METHODS: Retrospective analysis was conducted of cases from a prospectively collected stroke data base on consecutive acute ischemic stroke patients with large vessel occlusion by digital subtraction angiography treated with intra-arterial RP or UK. Thrombolytic dosage, recanalization rate, intracerebral hemorrhage (ICH), mortality, and outcome were determined.

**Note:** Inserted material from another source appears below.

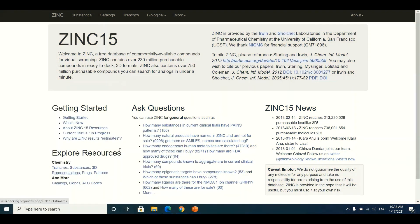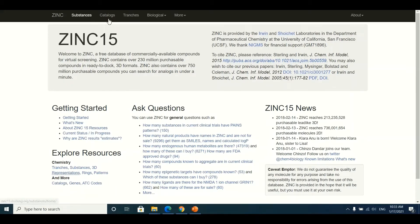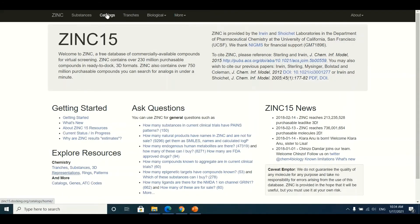This is the main interface of ZINC15. There are a number of things available here. At the top of the interface you can see some buttons including Substance, Catalog, Franchise, Biological, and More. In this tutorial we will focus on Substance and Biological.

RESULTS: Thirty-three patients received RP and 22 received UK (mean doses, 2.5 ± 1.4 mg and 690,000 ± 562,000 U, respectively). Vascular occlusions included 9 basilar arteries (BAs), 7 internal carotid arteries (ICAs), and 17 middle cerebral arteries (MCAs) with RP and 9 BAs, 4 ICAs, and 9 MCAs with UK. Median baseline National Institutes of Health Stroke Scales were as follows: 16 (range, 5–25; 81% ≥ 10) with RP and 17 (range, 6–38; 85%≥10) with UK. Mean time from symptom onset to thrombolytic initiation: 333 ± 230 minutes with RP and 343 ± 169 minutes with UK. Recanalization rates were as follows: 82% with RP and 64% with UK (P = .13). Symptomatic ICH rates were as follows: 12% with RP and 4.5% with UK (P = .50). The mortality rate was 24% with RP and 27% with UK (P = .8).

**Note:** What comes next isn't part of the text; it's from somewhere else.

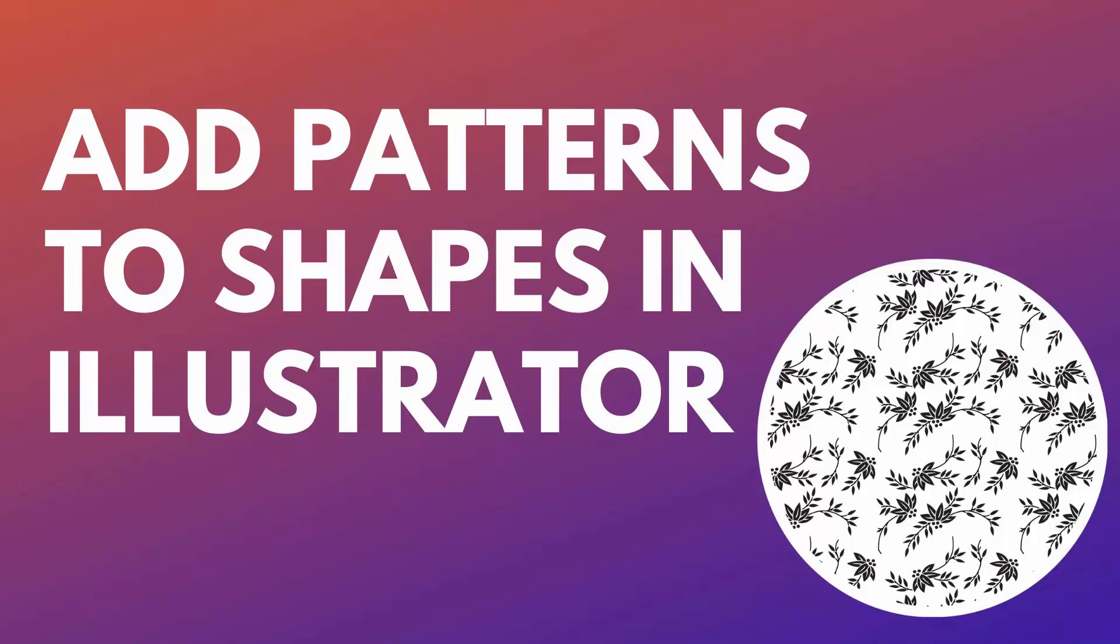Hello and welcome to this video tutorial. Today we're looking at filling a shape with a pattern in Adobe Illustrator.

CONCLUSION: Although limited in statistical power, our study suggests that, although IA thrombolysis with RP shows a trend for higher recanalization rates and hemorrhage rates, IA thrombolysis with RP is not significantly different in recanalization, outcome, mortality, and ICH compared with that of UK or rates reported with IA pro-UK.